** Opening INFORMATION SUPPLIED block **

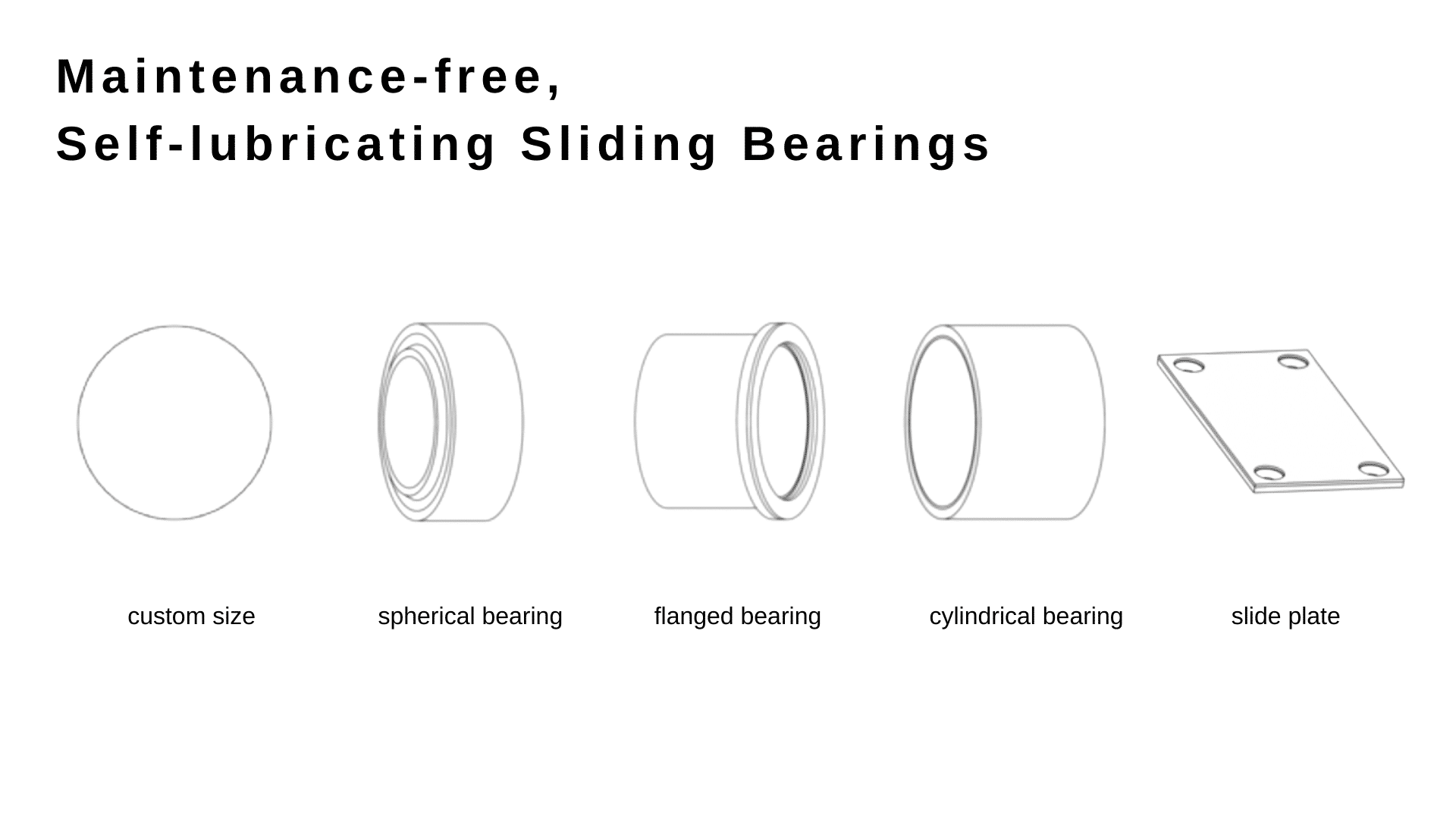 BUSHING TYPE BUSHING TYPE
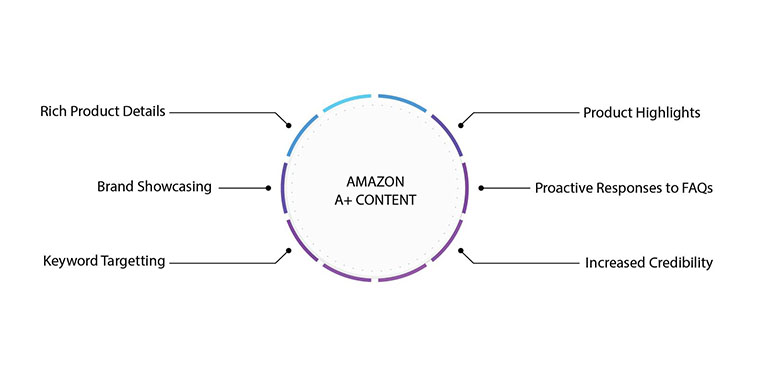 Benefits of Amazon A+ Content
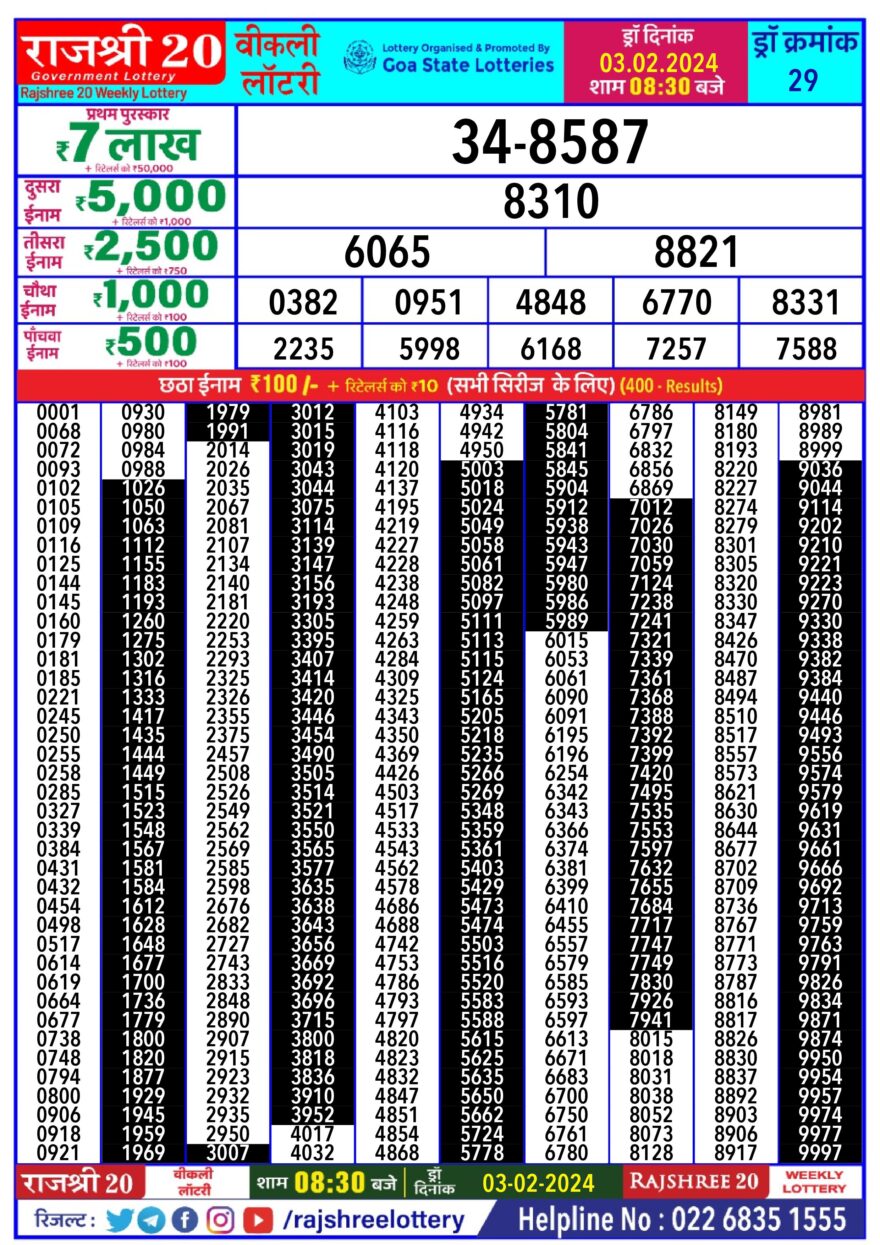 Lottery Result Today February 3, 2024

** Closing INFORMATION SUPPLIED block **
** Opening INFORMATION SUPPLIED block **

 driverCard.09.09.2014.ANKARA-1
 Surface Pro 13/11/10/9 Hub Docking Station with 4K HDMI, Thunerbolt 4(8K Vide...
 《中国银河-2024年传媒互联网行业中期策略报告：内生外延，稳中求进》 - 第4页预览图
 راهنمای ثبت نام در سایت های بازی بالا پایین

** Closing INFORMATION SUPPLIED block **
** Opening INFORMATION SUPPLIED block **

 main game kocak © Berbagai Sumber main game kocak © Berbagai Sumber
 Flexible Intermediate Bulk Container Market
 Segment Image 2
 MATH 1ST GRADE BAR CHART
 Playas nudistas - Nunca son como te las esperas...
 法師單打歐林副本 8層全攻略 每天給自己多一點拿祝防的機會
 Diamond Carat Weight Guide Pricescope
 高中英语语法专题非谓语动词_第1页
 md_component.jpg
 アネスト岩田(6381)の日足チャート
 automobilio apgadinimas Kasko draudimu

** Closing INFORMATION SUPPLIED block **

:: DIRECTIONS ::
Above are the records; return the lines in them from the one with "BUSHING TYPE BUSHING TYPE" to the one with "Lottery Result Today February 3, 2024", inclusive, exactly and without images.

:: FINISHED TASK ::
 BUSHING TYPE BUSHING TYPE
 Benefits of Amazon A+ Content
 Lottery Result Today February 3, 2024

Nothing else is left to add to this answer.